▸ **Activity**
Repeat exactly the lines of the records below, starting at the line containing "MsHunnyBunnyy's Live Sex Cam Show" and ending at the line containing "undefined undefined: Picture 1 regular". Leave the pictures out.

▸ **Input records**
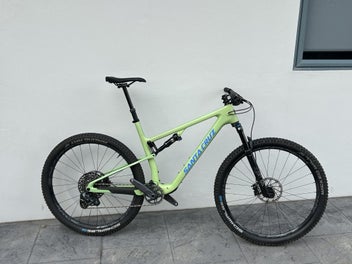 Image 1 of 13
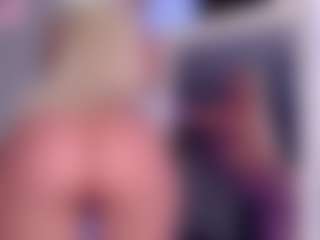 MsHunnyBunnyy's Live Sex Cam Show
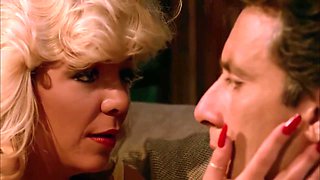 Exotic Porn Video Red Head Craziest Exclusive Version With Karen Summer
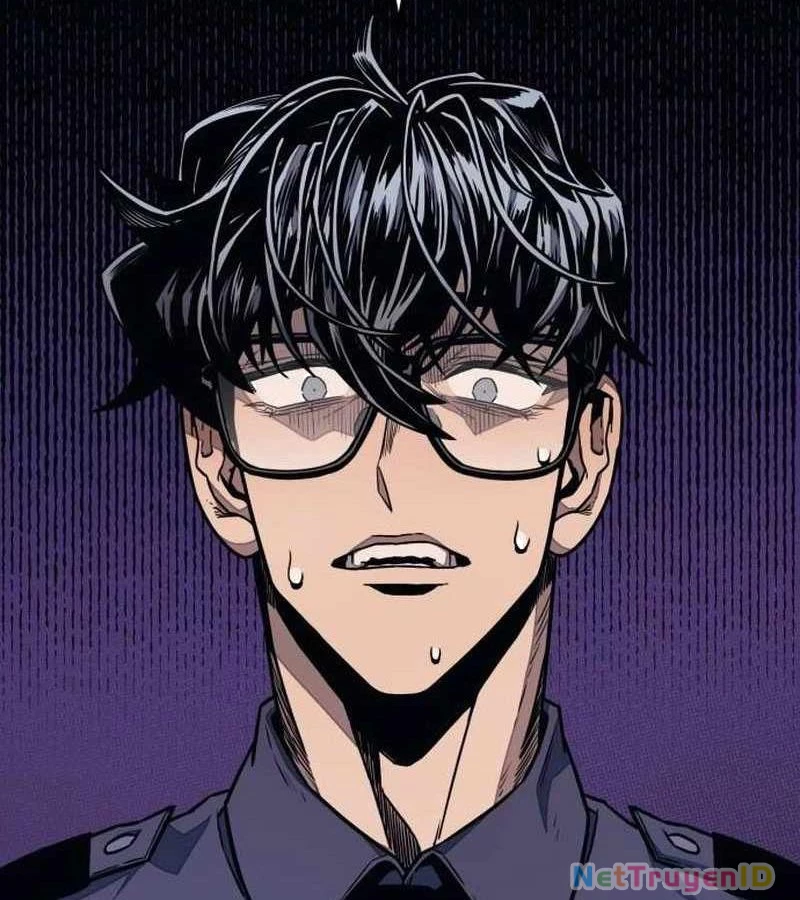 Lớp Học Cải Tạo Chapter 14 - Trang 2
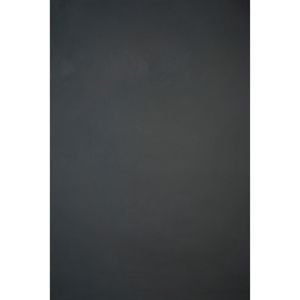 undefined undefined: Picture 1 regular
---
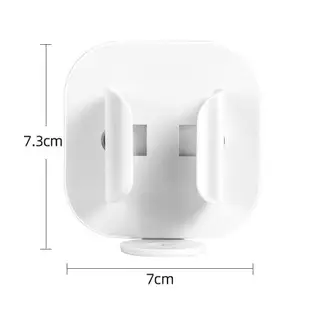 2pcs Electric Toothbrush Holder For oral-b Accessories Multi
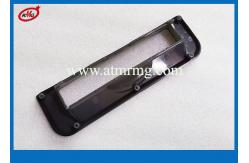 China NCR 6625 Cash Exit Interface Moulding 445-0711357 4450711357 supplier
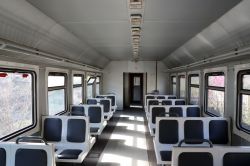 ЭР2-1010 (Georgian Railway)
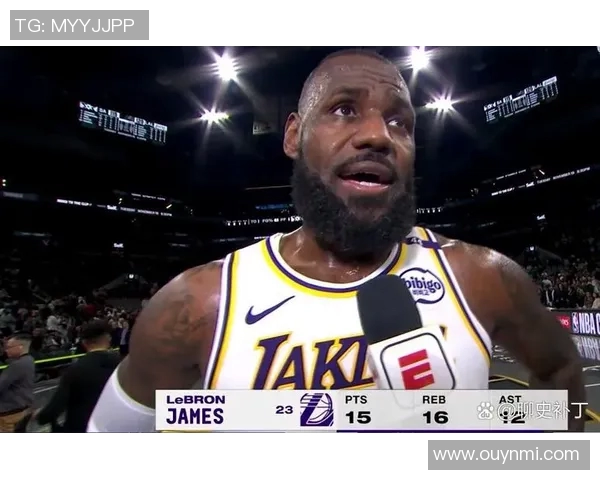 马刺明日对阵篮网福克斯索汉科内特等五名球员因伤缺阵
* * *
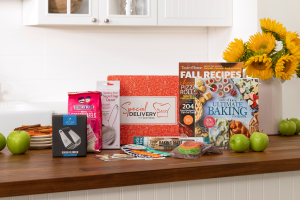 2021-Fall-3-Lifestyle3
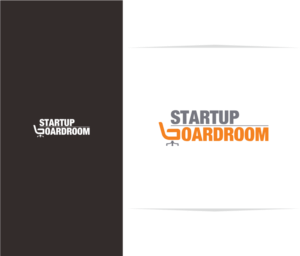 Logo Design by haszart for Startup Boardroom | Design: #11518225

▸ **Your response**
 MsHunnyBunnyy's Live Sex Cam Show
 Exotic Porn Video Red Head Craziest Exclusive Version With Karen Summer
 Lớp Học Cải Tạo Chapter 14 - Trang 2
 undefined undefined: Picture 1 regular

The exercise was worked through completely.